The government has recently published its consultation paper entitled ‘Houses in Multiple Occupation and residential property licensing reforms’ and covers, amongst other things:
- Extending the scope of mandatory HMO licensing
- National minimum room sizes in licensed HMOs
- Impact assessment
- Fit and proper test
- Refuse disposal facilities
The governments reasoning for the proposed reforms are to raise standards in HMOs.
Extension of mandatory licensing of HMOs
The main proposed change is remove the existing “three storey” rule so that any buildings occupying five or more persons comprising two or more separate households will now be subject to mandatory licensing. The government estimate that these proposals will make around 174,000 additional HMOs subject to mandatory licensing.
National room sizes
It is proposed that only rooms that meet certain minimum room sizes can be occupied for sleeping in a licensed HMO. Any room that is let or occupied for sleeping would amount to a breach of the licence resulting in a possible financial penalty of up to £30,000.00. The prescribed room sizes are 6.52 sq m for one person and 10.23 sq m for two persons.

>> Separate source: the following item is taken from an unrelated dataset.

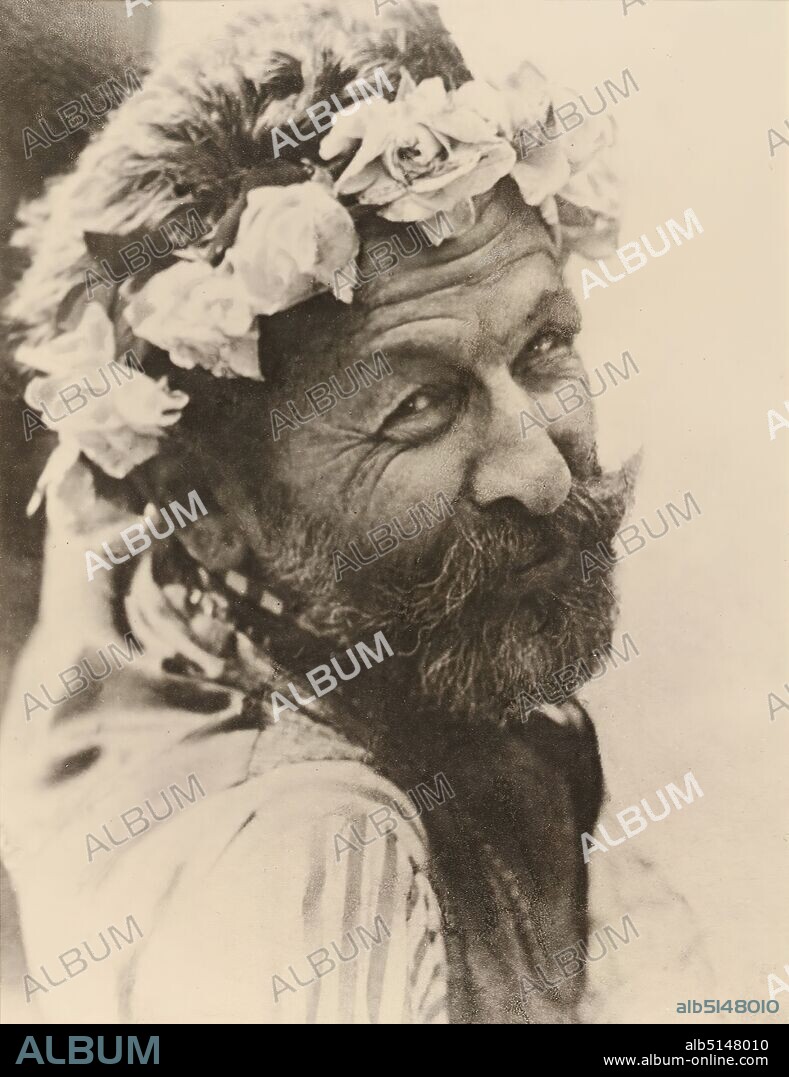 Hugo Erfurth, Richard Dehmel, from the album Ausstellung Hugo Erfurth - Bildnisse aus dem XX. Jahrhundert, Konstanz 1949, silver gelatin paper, black and white positive process, passepartout : height: 22.8 cm; width: 17.5 cm, inscribed: Passepartout recto u. in the middle: in typescript on Japan paper: H u g o E r f u r t h, '''Richard Dehmel'', stamp: Passepartout verso and left: inscribed: Passepartout verso and: in lead: (around 1910), gelatin silver, repro no, portrait photography, portrait, wreath, garland, At the beginning of the 20th century, Hugo Erfurth, along with Rudolph Dührkoop and Nicola Perscheid, was one of the most famous professional photographers in Germany. After completing an apprenticeship as a photographer, he opened his own studio in Dresden at the age of only 22. Soon Erfurth orientated himself towards the up-and-coming pictorialist photography, participated in numerous amateur photographic exhibitions from 1894 onwards and managed to make a name for himself both as an artistically ennobled amateur and successful professional photographer. Portraits are central to his work, which he began taking in 1906 in his new studio, a classicist palace, in a stylishly elegant ambience, appealing to the wealthy bourgeoisie. He also produced numerous portraits of famous personalities, including Käthe Kollwitz, Otto Dix and Joachim Ringelnatz. While his studies around 1905 still show full-length figures depicted in an atmospheric way, from the 1920s onward the focus is on the face, which is photographed against a simple monochrome background. Here, his pictorial approach corresponds to the portrait of classical modernism, whereby the technique of oil printing emphasizes the softness and materiality of the pigments and at the same time places the portraits in the art-photographic tradition. Erfurth is a co-founder of the Gesellschaft Deutscher Lichtbildner (1919), teaches at the Leipzig Academy and moves from Dresden to Cologne in the 1930s, where he bui.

Local Authorities will be able to charge a fee for a licence to recover the costs of running the scheme and undertaking inspections. Landlords may also be subject to a new enhanced fit and proper person test.
Fit and proper test
It is proposed that evidence be provided as to the applicant’s criminal record status and that of any other person who it is proposed would manage the property.
Refuse disposal facilities
It is proposed that it should be a mandatory HMO licence condition that the licence holder provides adequate receptacles for the storage and disposal of normal household waste emanating from the property.
This new law could have a significant impact on private rentals and all landlords need to keep an eye on changes.